*YOUR INSTRUCTIONS:* Could you give back exactly the lines below from the one with "I ghiacciai delle" through the one with "Used 2019 Volkswagen", without a single picture?

*DATA PROVIDED:*
===============

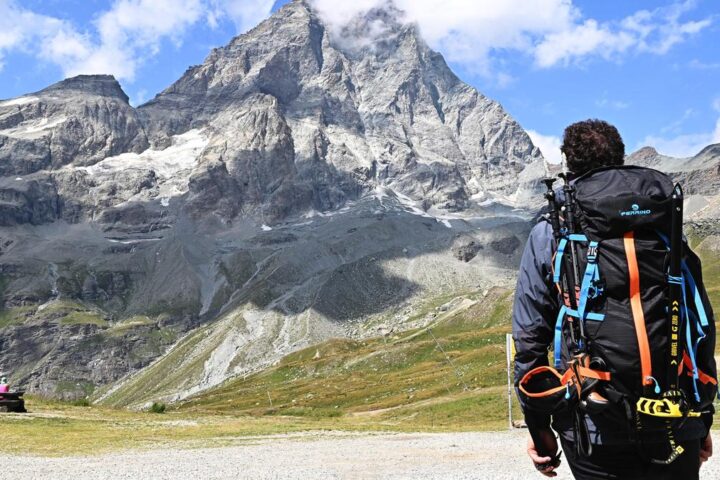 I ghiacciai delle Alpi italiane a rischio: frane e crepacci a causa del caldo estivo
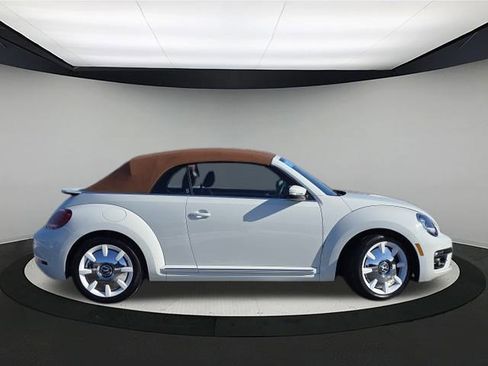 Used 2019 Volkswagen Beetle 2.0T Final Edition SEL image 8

===============

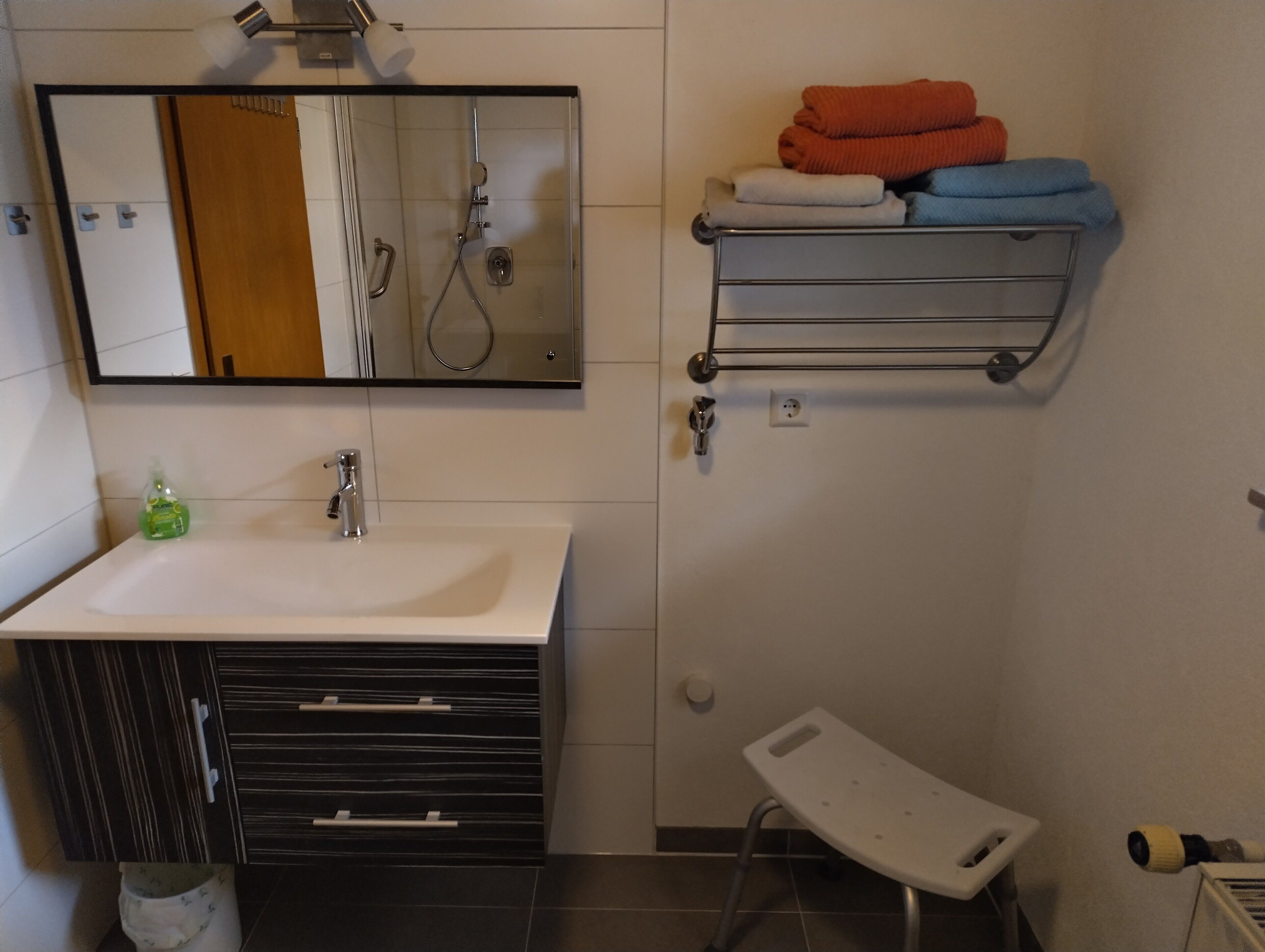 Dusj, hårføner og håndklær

===============

*TASK OUTPUT:*
 I ghiacciai delle Alpi italiane a rischio: frane e crepacci a causa del caldo estivo
 Used 2019 Volkswagen Beetle 2.0T Final Edition SEL image 8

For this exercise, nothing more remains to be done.